Exercise goal - In the data below, reproduce everything exactly except the images.

----

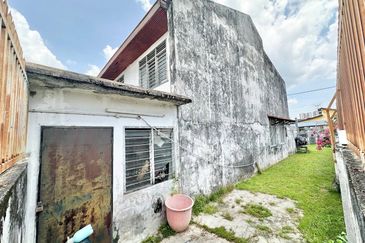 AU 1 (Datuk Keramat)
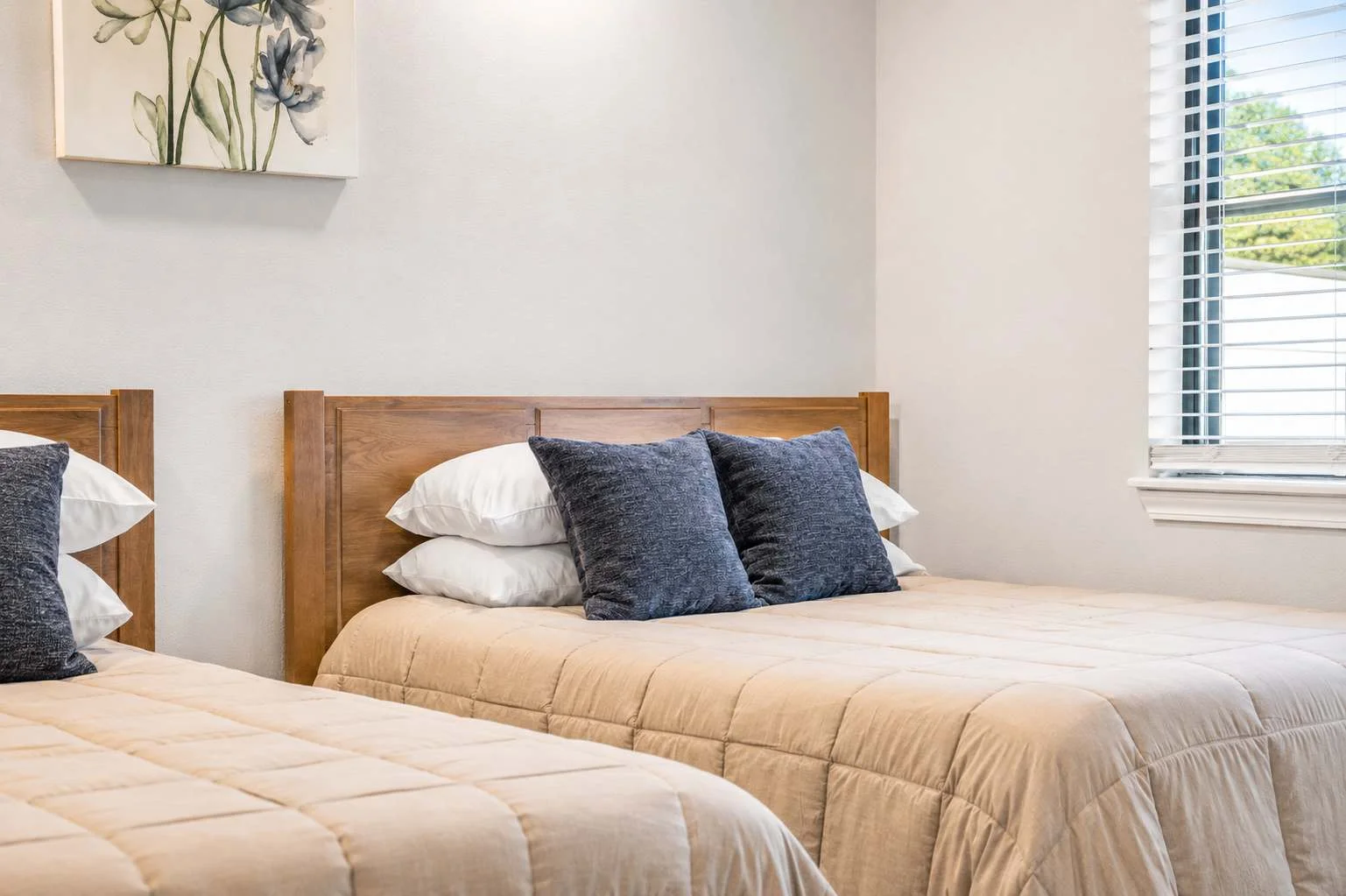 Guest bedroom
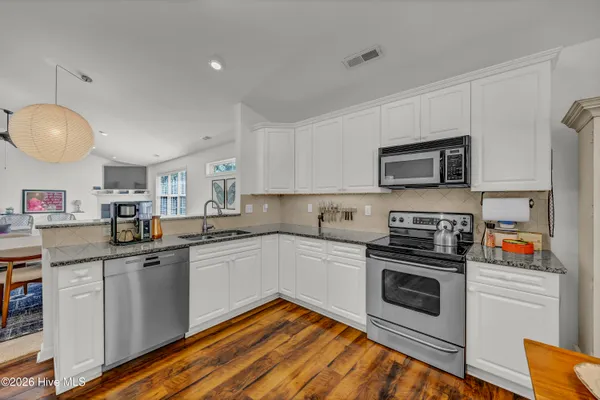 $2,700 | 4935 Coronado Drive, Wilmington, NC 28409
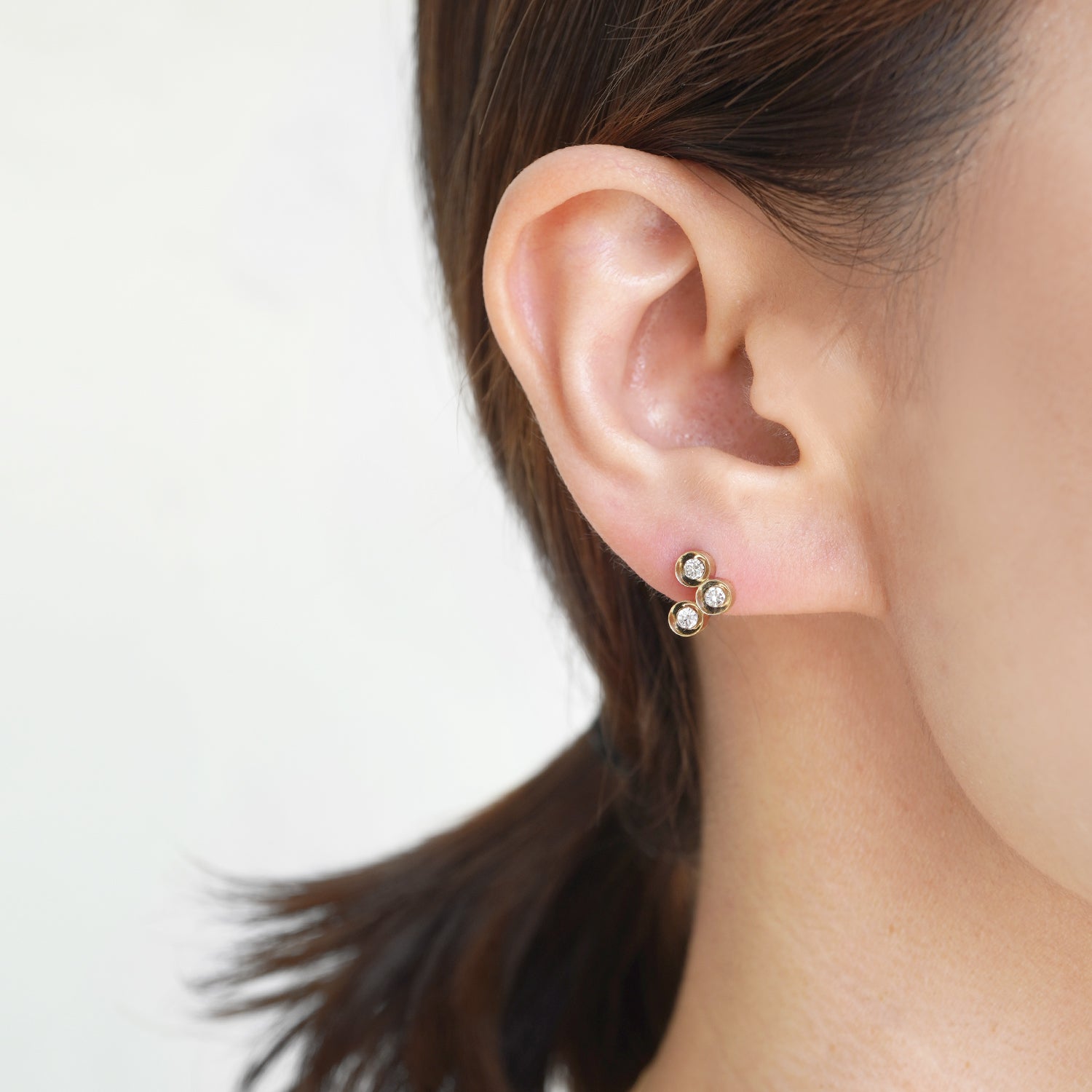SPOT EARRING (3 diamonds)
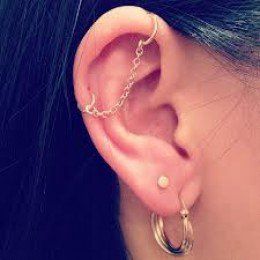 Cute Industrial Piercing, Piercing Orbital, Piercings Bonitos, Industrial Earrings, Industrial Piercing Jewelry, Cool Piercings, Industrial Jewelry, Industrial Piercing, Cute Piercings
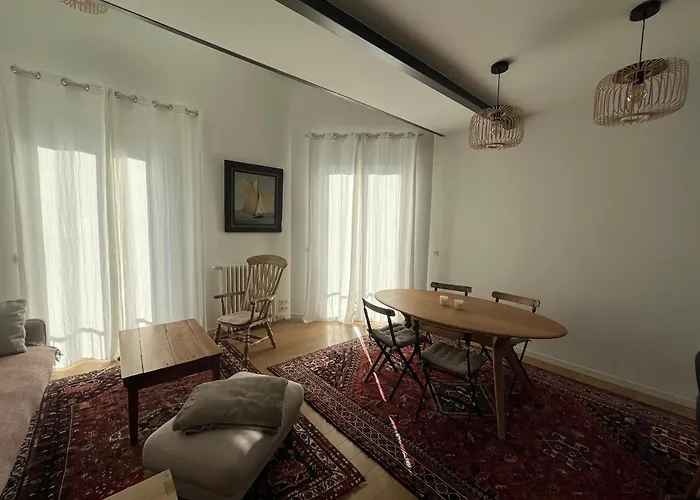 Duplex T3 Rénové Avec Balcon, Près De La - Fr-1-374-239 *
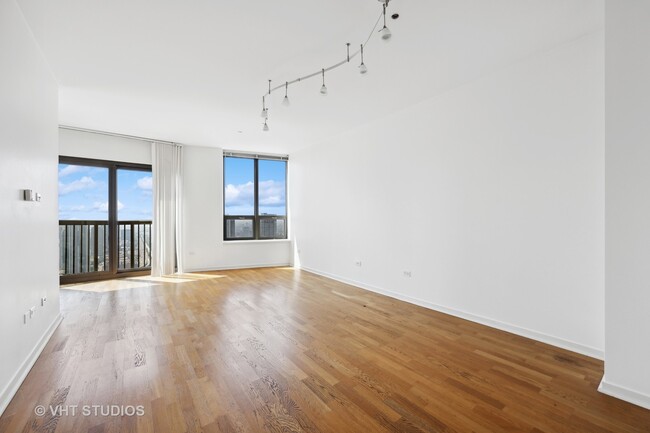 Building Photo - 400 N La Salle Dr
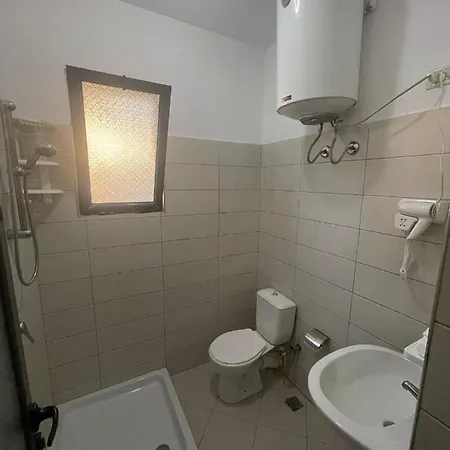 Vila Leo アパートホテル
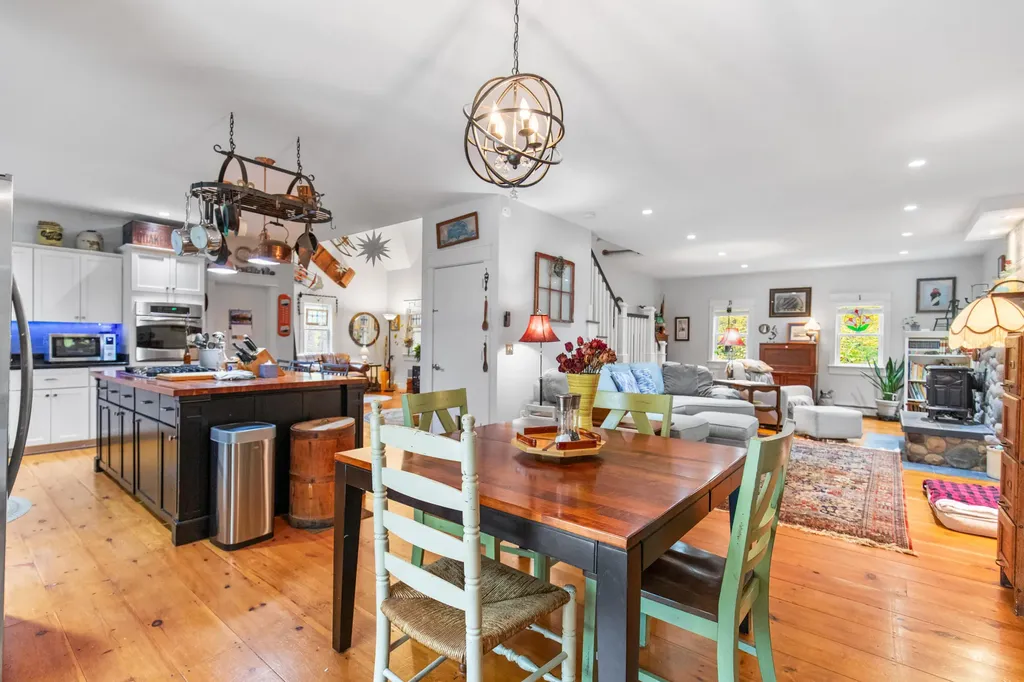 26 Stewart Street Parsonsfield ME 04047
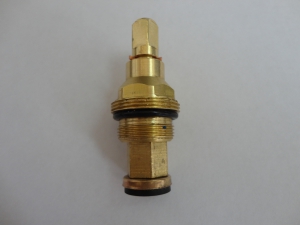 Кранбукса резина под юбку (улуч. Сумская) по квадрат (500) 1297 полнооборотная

----

Solution for this problem -
 AU 1 (Datuk Keramat)
 Guest bedroom
 $2,700 | 4935 Coronado Drive, Wilmington, NC 28409
SPOT EARRING (3 diamonds)
 Cute Industrial Piercing, Piercing Orbital, Piercings Bonitos, Industrial Earrings, Industrial Piercing Jewelry, Cool Piercings, Industrial Jewelry, Industrial Piercing, Cute Piercings
 Duplex T3 Rénové Avec Balcon, Près De La - Fr-1-374-239 *
 Building Photo - 400 N La Salle Dr
 Vila Leo アパートホテル
 26 Stewart Street Parsonsfield ME 04047
 Кранбукса резина под юбку (улуч. Сумская) по квадрат (500) 1297 полнооборотная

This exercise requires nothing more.